The Ploučnice River region (polzenite group) is uniquely characterized by its melilite-bearing subvolcanic rocks located in the northern section of the Bohemian Massif. They are the crystallization products of ultracalcic melts during the pre-rift evolution of the Ohře/Eger Rift, which is the easternmost part of the European Cenozoic Rift System. The melt was produced by low-degree partial melting of carbonate-bearing garnet peridotite and pyroxenite at a depth of approximately 100 km (P ~ 3.0 Gpa). The rapid ascent of the ultracalcic melts through the lithosphere was accompanied by fractional crystallization of olivine + spinel ± clinopyroxene mainly within the upper to middle crustal storage zone at depths between 12 and 24 km (0.3–0.6 Gpa). Notably, olivine crystallized generally at higher temperatures (1257–1356 °C) compared to clinopyroxene (1156–1203 °C) and plagioclase (1099–1112 °C).

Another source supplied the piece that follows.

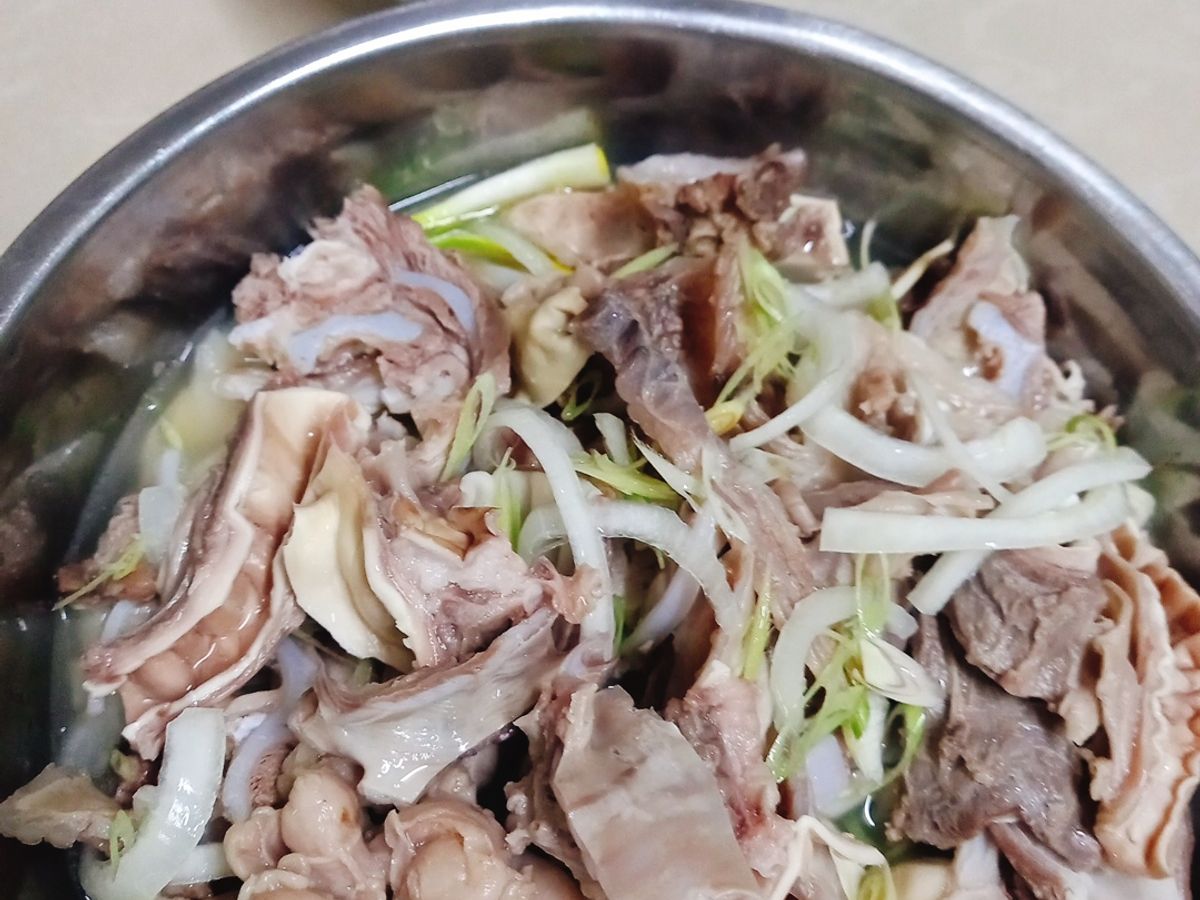 Cuống họng heo hấp sả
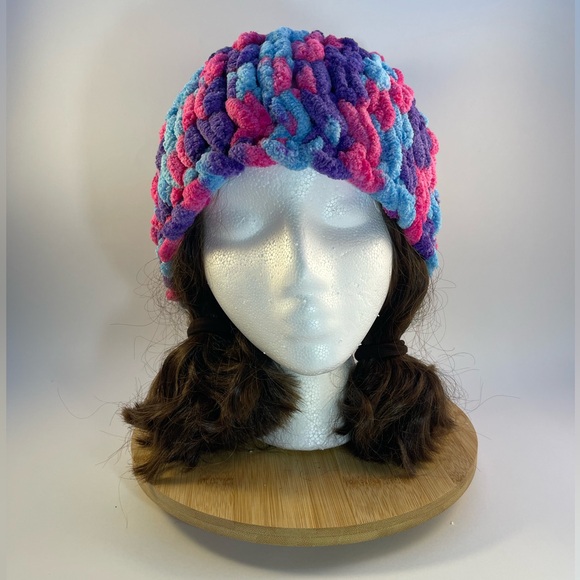 Handmade Kid’s Super Soft & Cozy Winter Hat With Loopy Pom-Pom- Pink/Purple/Blue - Picture 4 of 9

The calculated oxygen fugacity during fractional crystallization (perovskite, −4.8 to +3.9 ΔNNO) decreases at the late-stage of crystallization due to residual magma exsolving oxidizing fluids and decreased fO2 (oxygen fugacity) of the magmas from which monticellite was crystallized (ΔNNO −6.0 to −3.9). The rounded shapes and chemical composition (Cr/(Cr + Al) 0.52–0.82) of partially resorbed chromite xenocrystic cores in subhedral to euhedral spinel grains indicate that they originated in the mantle. The first stage of magmatic evolution for the studied rocks is related to the Cr-spinel (Cr/(Cr + Al) 0.35–0.50) crystallization, which successively changed to a high-alumina composition (Cr/(Cr + Al) 0.25–0.30). Magnetite (magnetite–ulvöspinel solid solution) forms an atoll texture or small euhedral crystals in the groundmass. Both textural types of magnetite crystallized during the late-stage magmatic evolution of the ultracalcic melt. Carbonate or quartz-rich xenoliths were incorporated during magma emplacement under the upper crust. Sr-Nd isotopic data, mineral composition, and whole-rock chemical composition all verified that the assimilation of the xenoliths only affected the chemical composition of the host magma in the immediate neighborhood of the contract (up to a few millimeters around the xenolith).